**Your objective:** Without any of the pictures, print every record below exactly.

☆ ☆ ☆ ☆ ☆ ☆ ☆

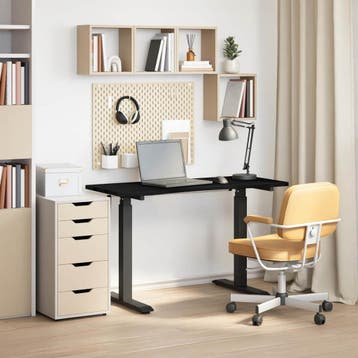 vidaXL Bureau Zwart en Donkerbruin 120 x 60 cm Massief, Verzenden, Nieuw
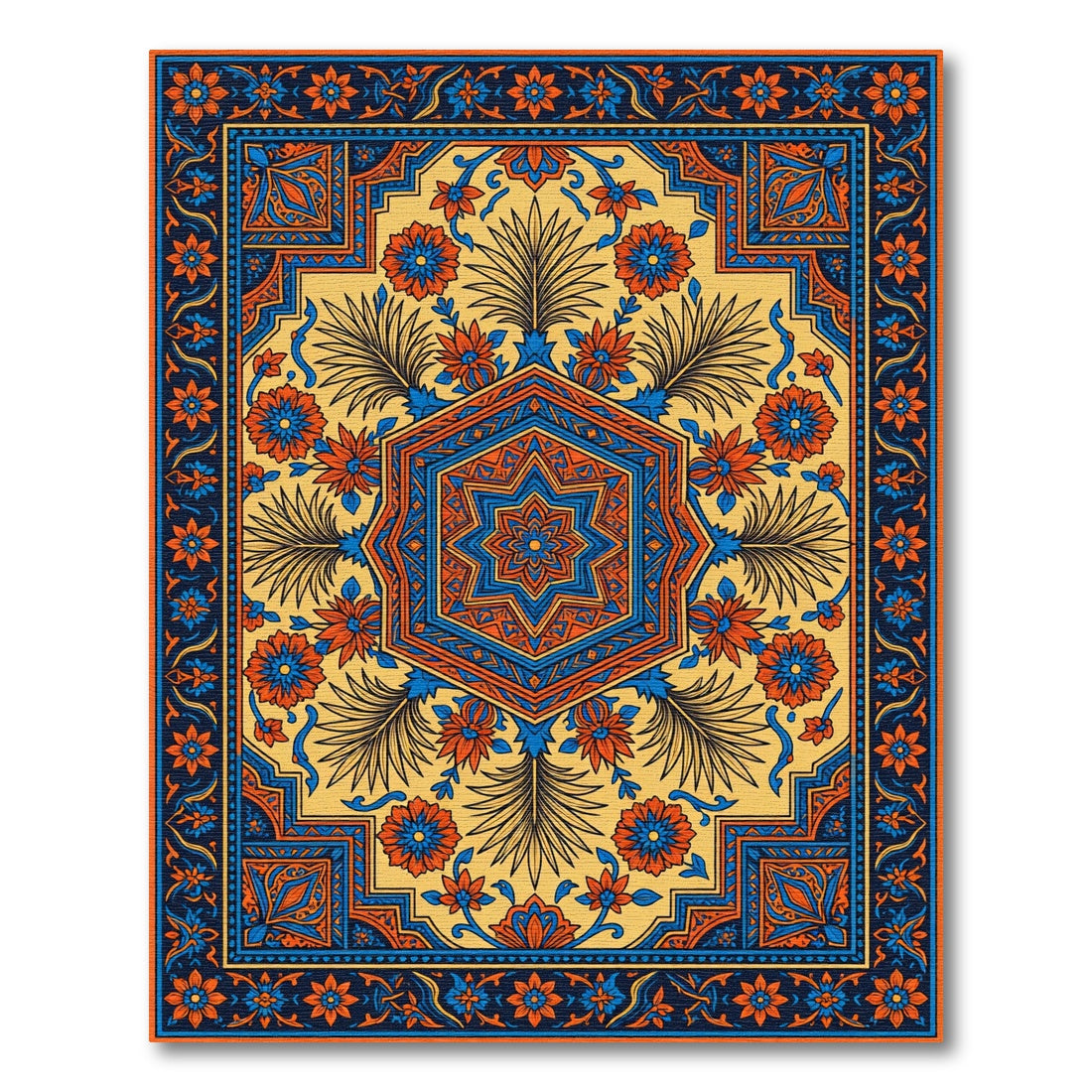 Vibrant Blue and Orange Floral Hexagon Rug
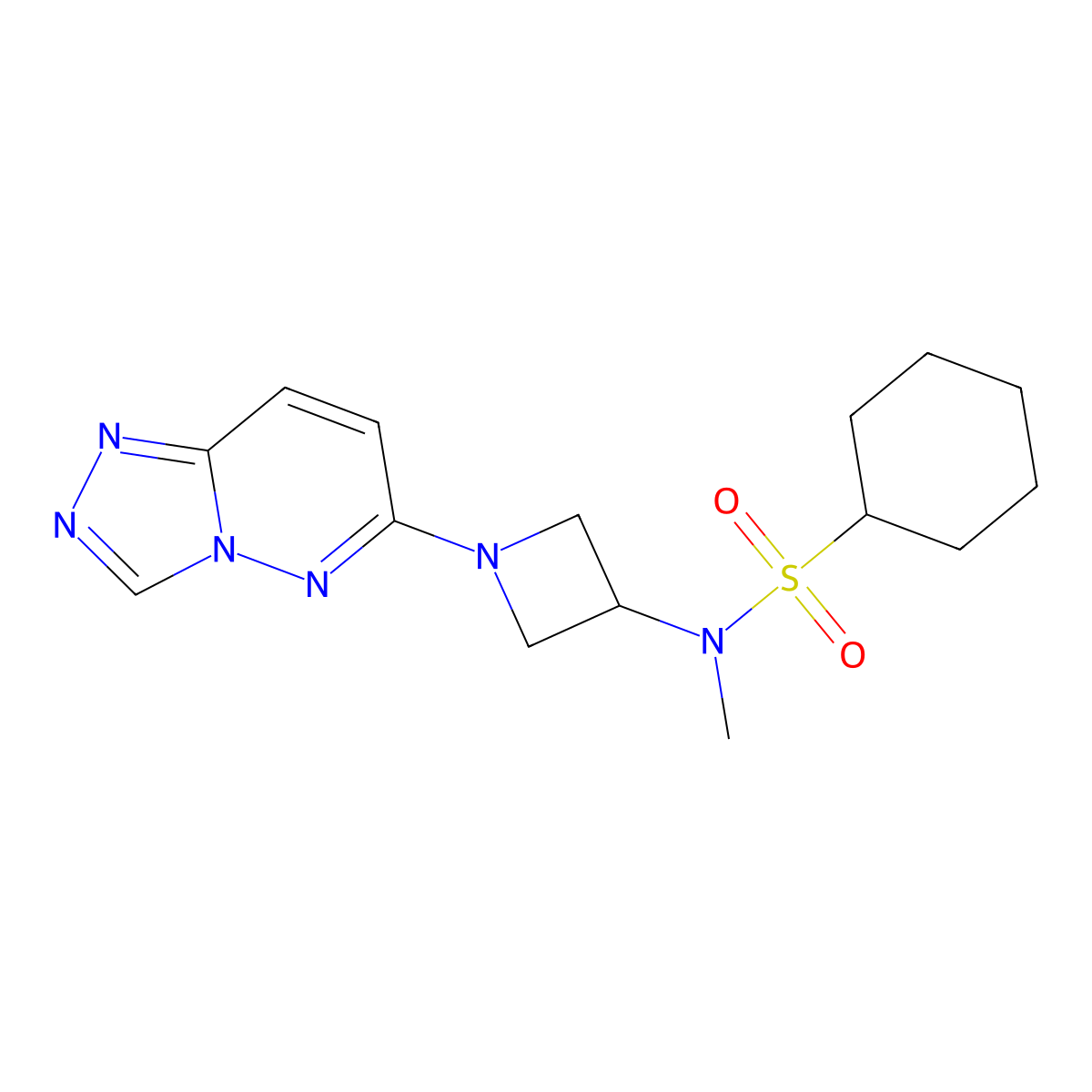N-methyl-N-(1-{[1,2,4]triazolo[4,3-b]pyridazin-6-yl}azetidin-3-yl)cyclohexanesulfonamide molecular structure, CAS 2309734-35-6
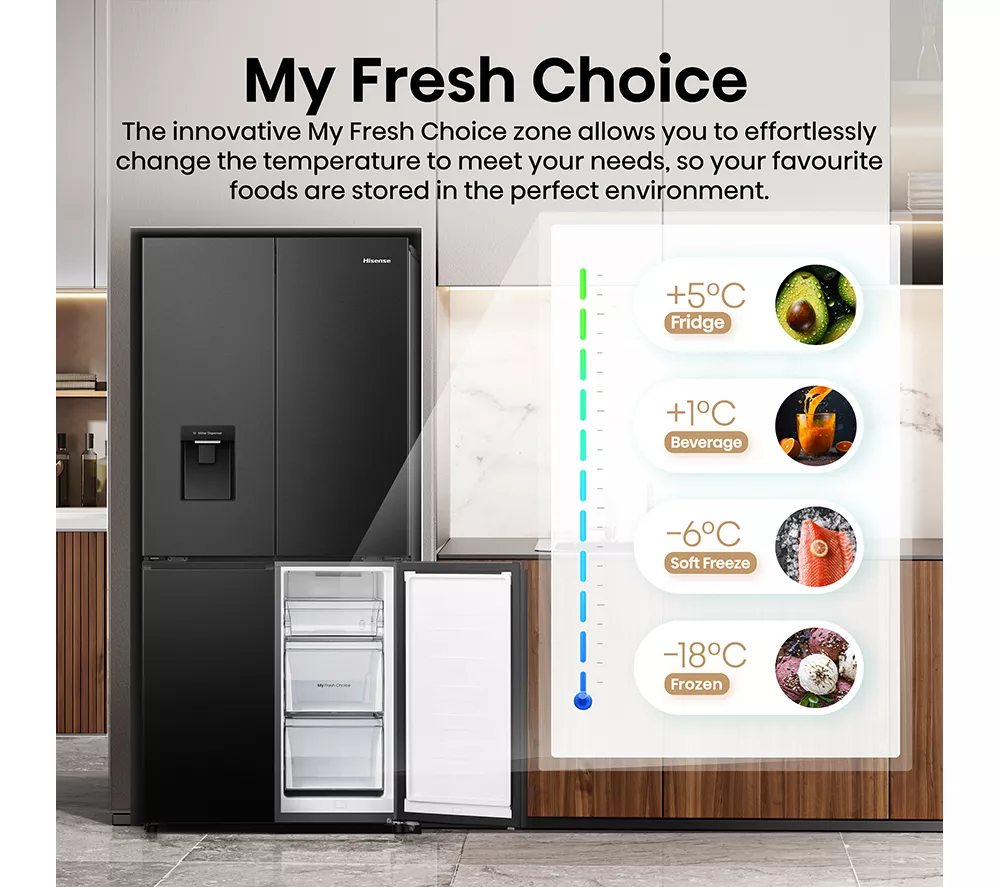 HISENSE PureFlat RQ5P470SMFE Smart Fridge Freezer - Black Stainless Steel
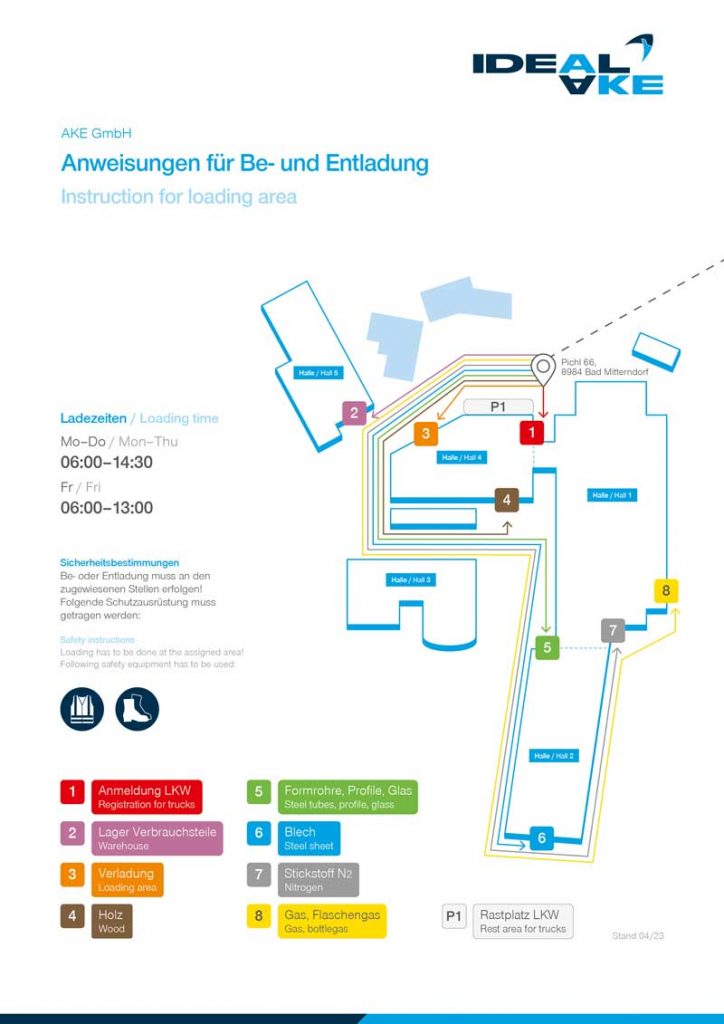 Werksgeländeplan von AKE in Bad Mitterndorf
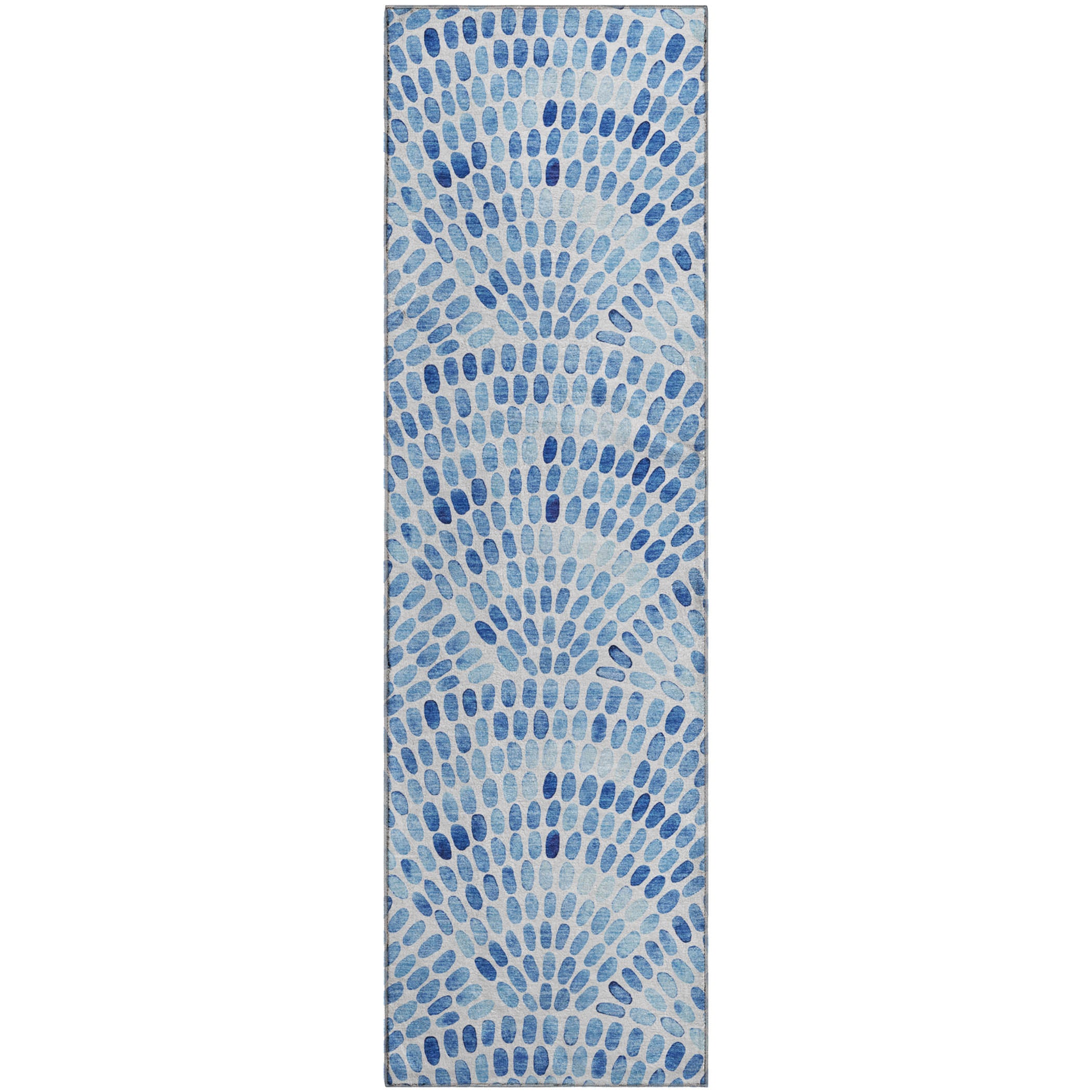 Mostar Machine Washable Coastal Blue Rug 2'3" x 7'6" #shape_Runner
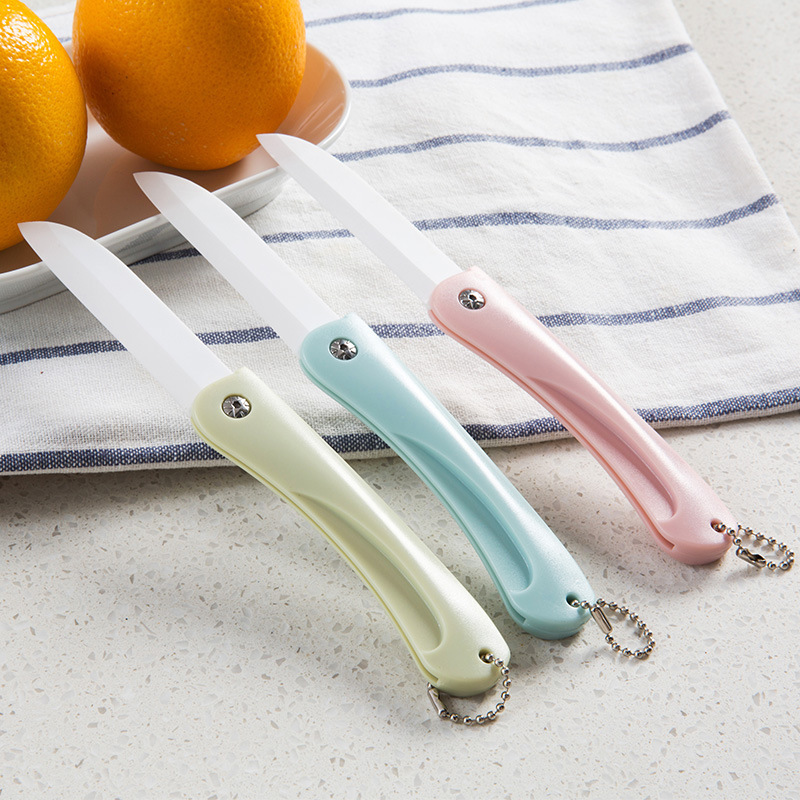 Ceramic fruit knife, household portable folding knife, kitchen vegetable and fruit knife, multi-functional peeler small knife details Picture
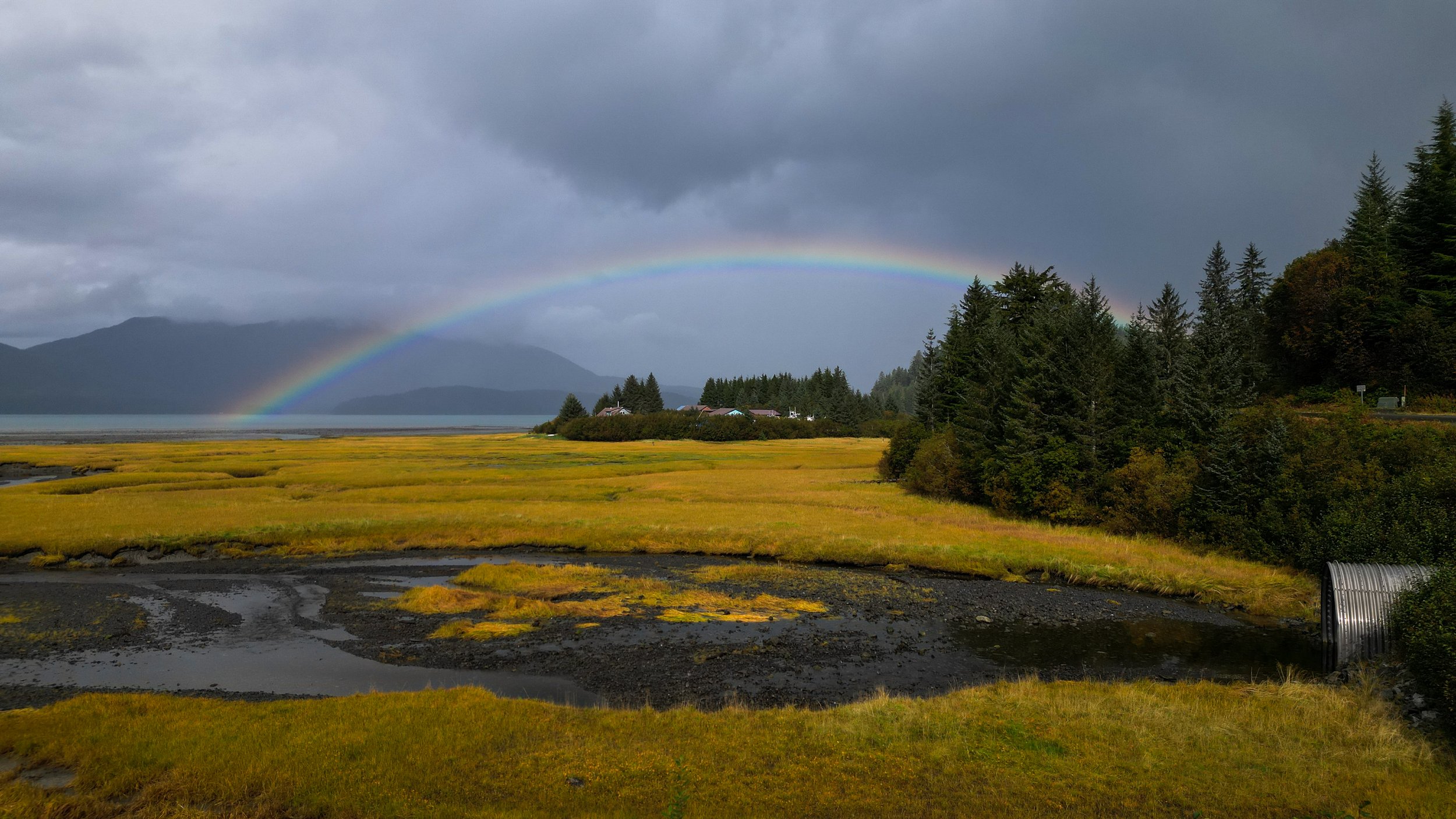 Rainbow sighting above Orca Inlet.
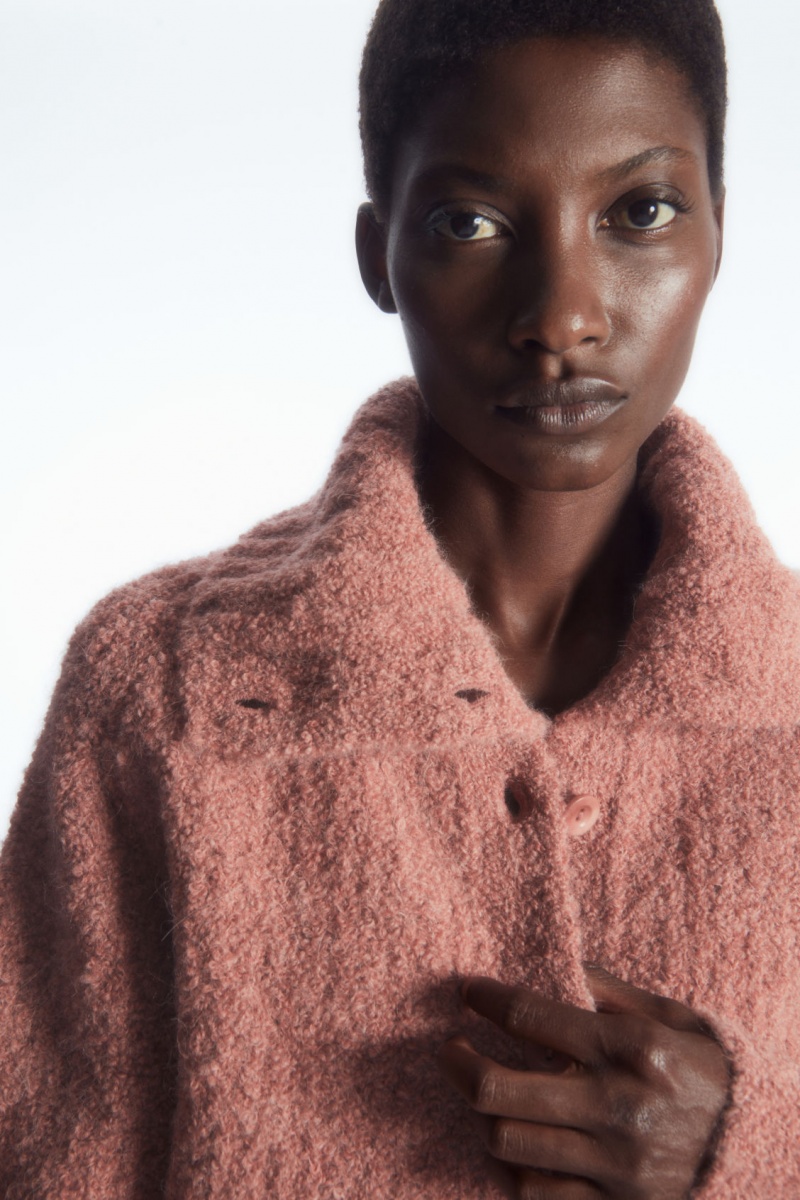 Dámské Kardigan COS Spread-Collar Textured Alpaca Růžové | NWPJ-91528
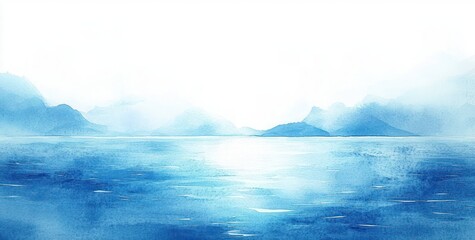 Naklejka premium Watercolor Seascape Ocean Background Water Surface with Waves Abstract Light Bright Art Illustration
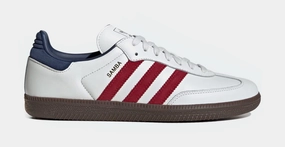 Samba OG Mens Lifestyle Shoes (White/Red/Blue) Adidas Samba shoes with iconic T-toe design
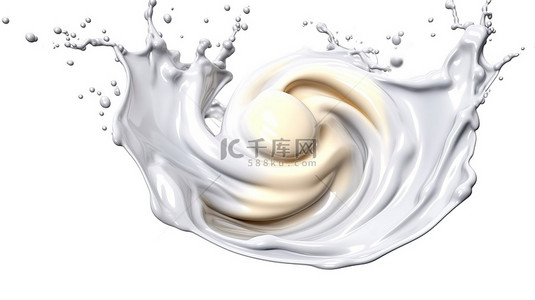 牛奶漩涡背景图片_3d 渲染插图牛奶漩涡和飞溅在白色背景上隔离的液体形式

☆ ☆ ☆ ☆ ☆ ☆ ☆

**Exercise response:**
 vidaXL Bureau Zwart en Donkerbruin 120 x 60 cm Massief, Verzenden, Nieuw
 Vibrant Blue and Orange Floral Hexagon Rug
N-methyl-N-(1-{[1,2,4]triazolo[4,3-b]pyridazin-6-yl}azetidin-3-yl)cyclohexanesulfonamide molecular structure, CAS 2309734-35-6
 HISENSE PureFlat RQ5P470SMFE Smart Fridge Freezer - Black Stainless Steel
 Werksgeländeplan von AKE in Bad Mitterndorf
 Mostar Machine Washable Coastal Blue Rug 2'3" x 7'6" #shape_Runner
 Ceramic fruit knife, household portable folding knife, kitchen vegetable and fruit knife, multi-functional peeler small knife details Picture
 Rainbow sighting above Orca Inlet.
 Dámské Kardigan COS Spread-Collar Textured Alpaca Růžové | NWPJ-91528
 Naklejka premium Watercolor Seascape Ocean Background Water Surface with Waves Abstract Light Bright Art Illustration
 Samba OG Mens Lifestyle Shoes (White/Red/Blue) Adidas Samba shoes with iconic T-toe design
 牛奶漩涡背景图片_3d 渲染插图牛奶漩涡和飞溅在白色背景上隔离的液体形式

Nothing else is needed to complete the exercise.